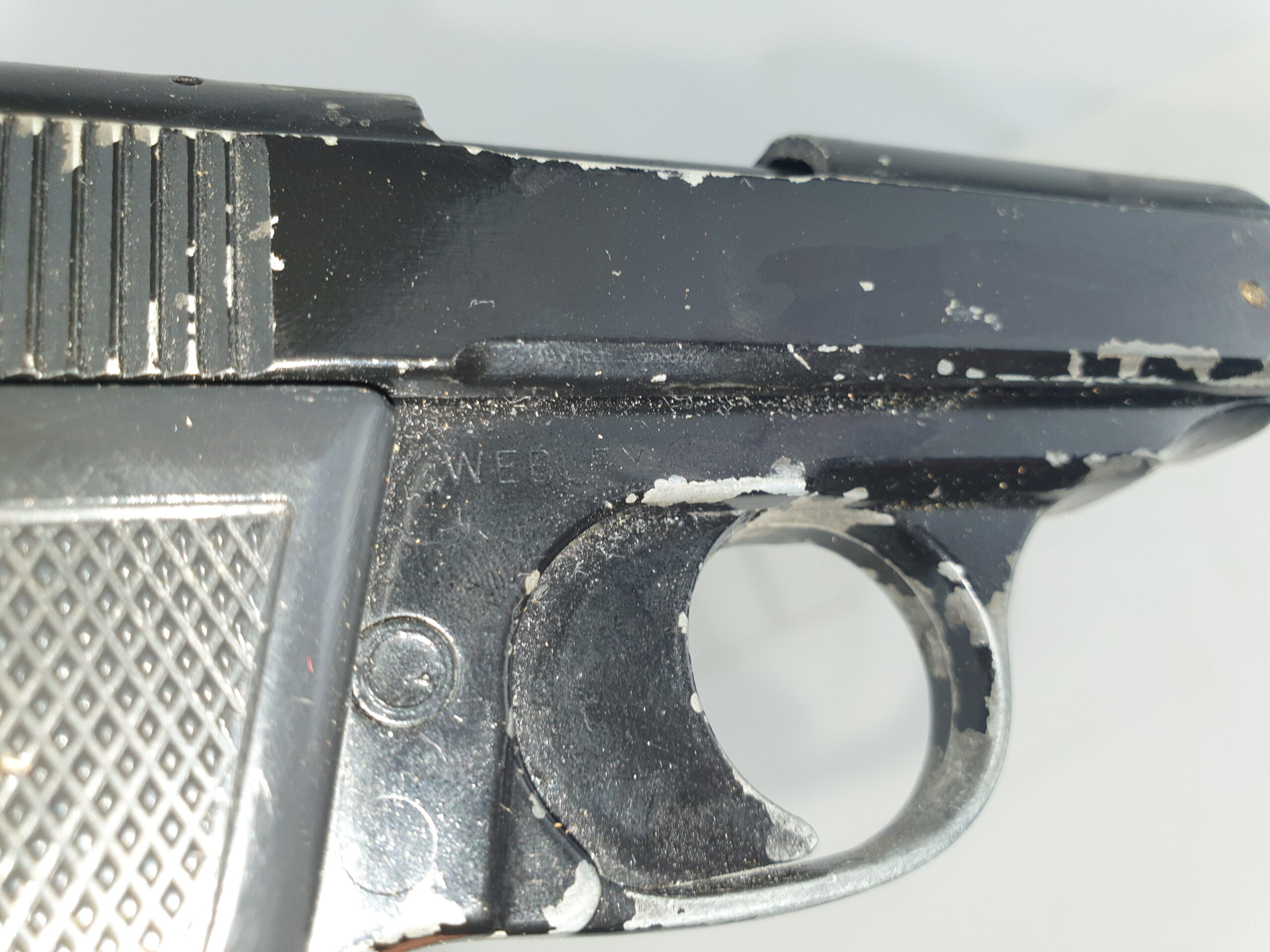Italian Bruni ME8 Police Cal 8mm Blankfire Webley Import Model of a Walther PPK and Holster - Image 7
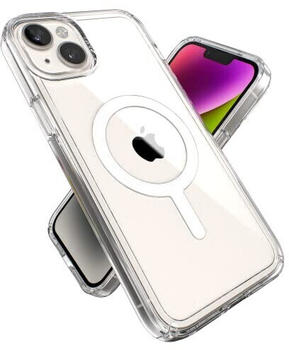 Speck Produkte Gemshell Hülle passend für iPhone 14 Plus, 6,7 Zoll Modell, kompatibel mit MagSafe, klar/klar
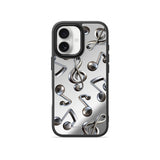 Metallic Notes - Flex Mirror iPhone Case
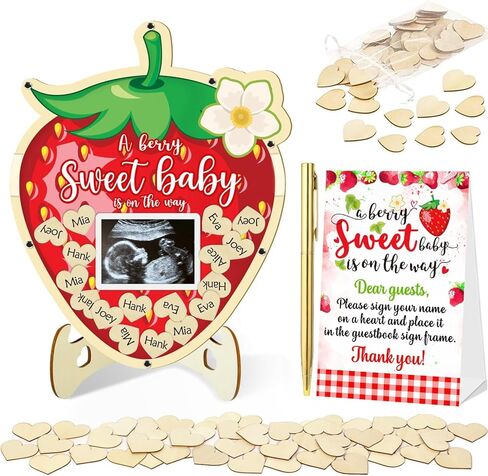 65 Pcs Highland Cow Baby Shower Decorations Guest Book, Baby Shower Guest Book Alternatives with Photo Frame, 60 Wood Slices Cow Baby Shower Guest Book for Boys Grils Baby Shower in Saudi Arabia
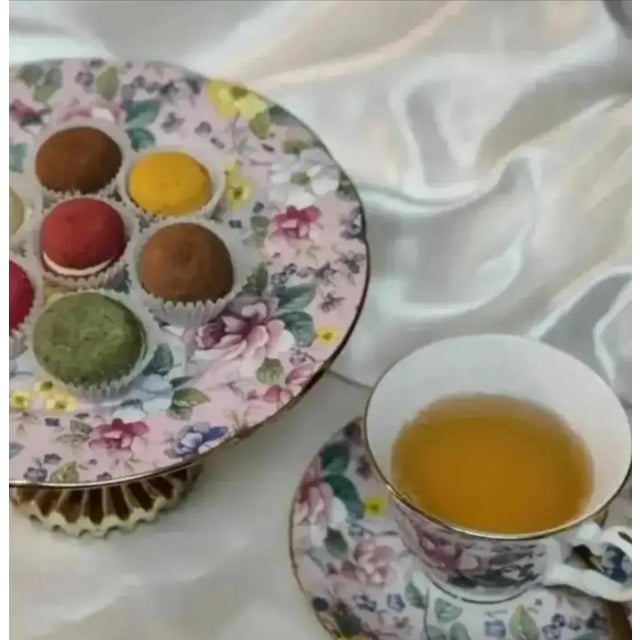 Ceramic 1980s Harrods Knightsbridge Chelsea Garden by Duchess Primrose Pink Tea Set- 36 Pieces For Sale - Image 7 of 7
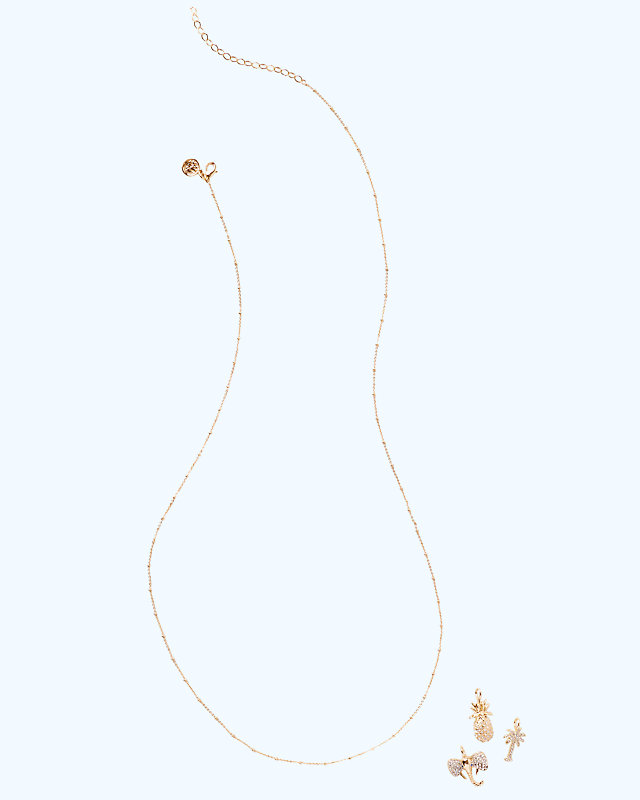 Long Charm Necklace Chain, , large - Lilly Pulitzer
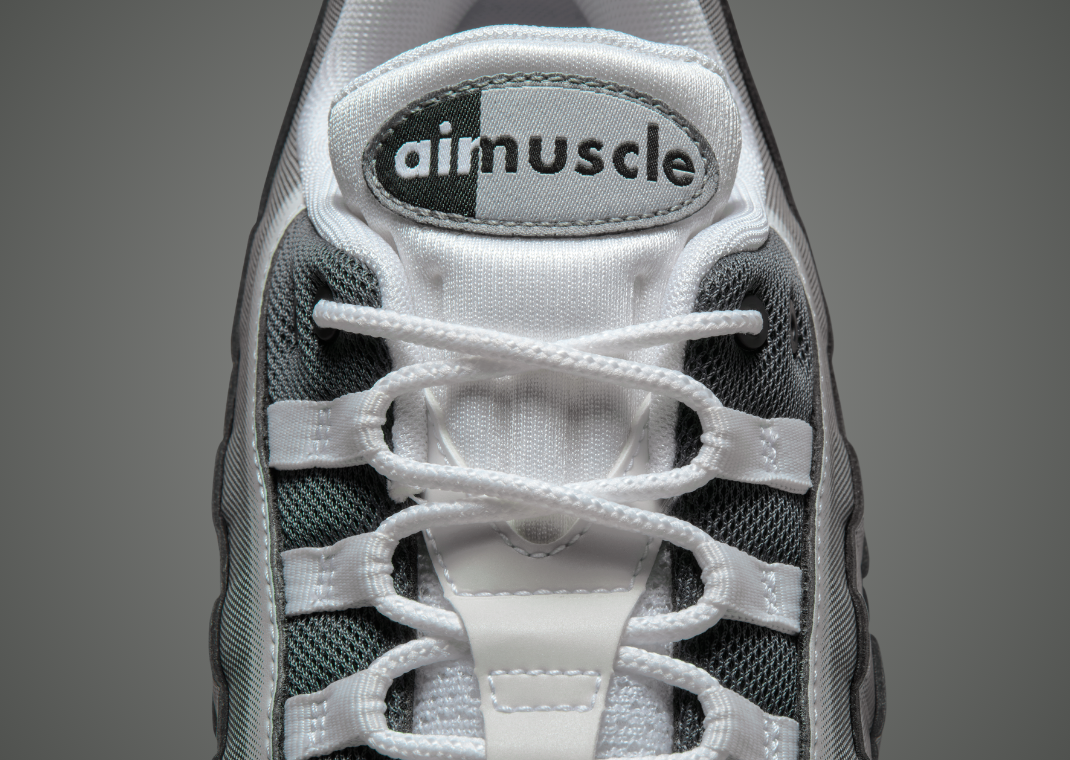 Yu-Gi-Oh! x Nike Air Muscle 95 Jonouchi Tongue Detail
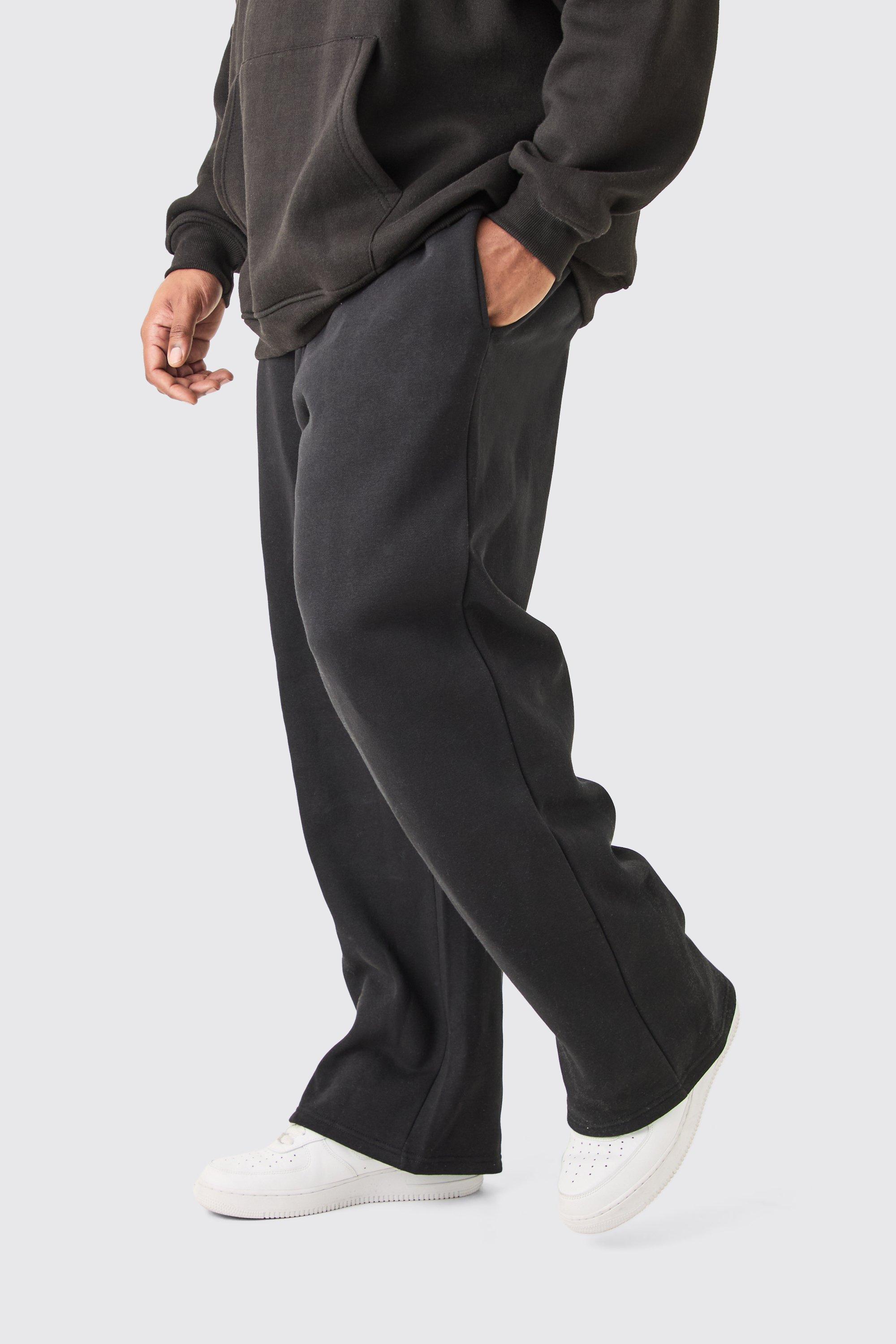 Image of Plus Basic Relaxed Fit Jogger In Black, Nero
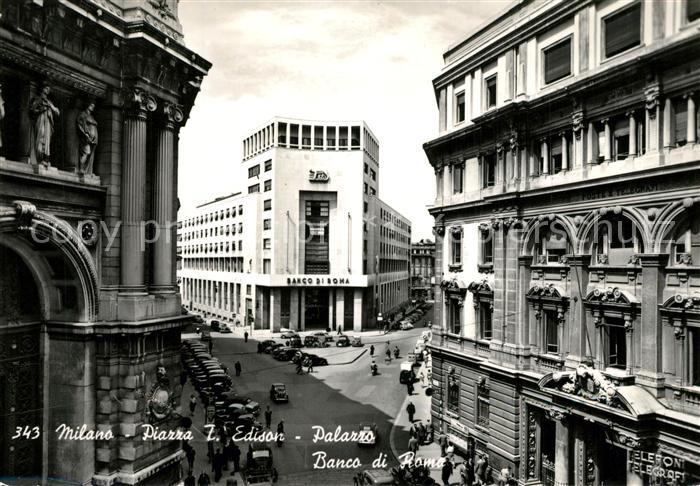 Milano Piazza Edison Palazzo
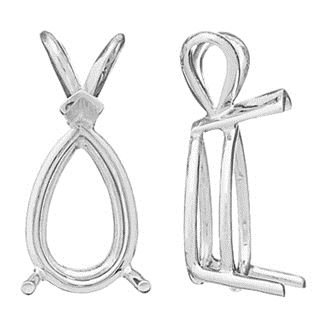 14KW 5X3mm 25pts V-End Pear Pendant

···

■ Exercise directions ■
Print out the whole listing word for word. Leave the pictures out.

■ Response to this exercise ■
Italian Bruni ME8 Police Cal 8mm Blankfire Webley Import Model of a Walther PPK and Holster - Image 7
 Speck Produkte Gemshell Hülle passend für iPhone 14 Plus, 6,7 Zoll Modell, kompatibel mit MagSafe, klar/klar
 Metallic Notes - Flex Mirror iPhone Case
 65 Pcs Highland Cow Baby Shower Decorations Guest Book, Baby Shower Guest Book Alternatives with Photo Frame, 60 Wood Slices Cow Baby Shower Guest Book for Boys Grils Baby Shower in Saudi Arabia
 Ceramic 1980s Harrods Knightsbridge Chelsea Garden by Duchess Primrose Pink Tea Set- 36 Pieces For Sale - Image 7 of 7
 Long Charm Necklace Chain, , large - Lilly Pulitzer
 Yu-Gi-Oh! x Nike Air Muscle 95 Jonouchi Tongue Detail
 Image of Plus Basic Relaxed Fit Jogger In Black, Nero
 Milano Piazza Edison Palazzo
 14KW 5X3mm 25pts V-End Pear Pendant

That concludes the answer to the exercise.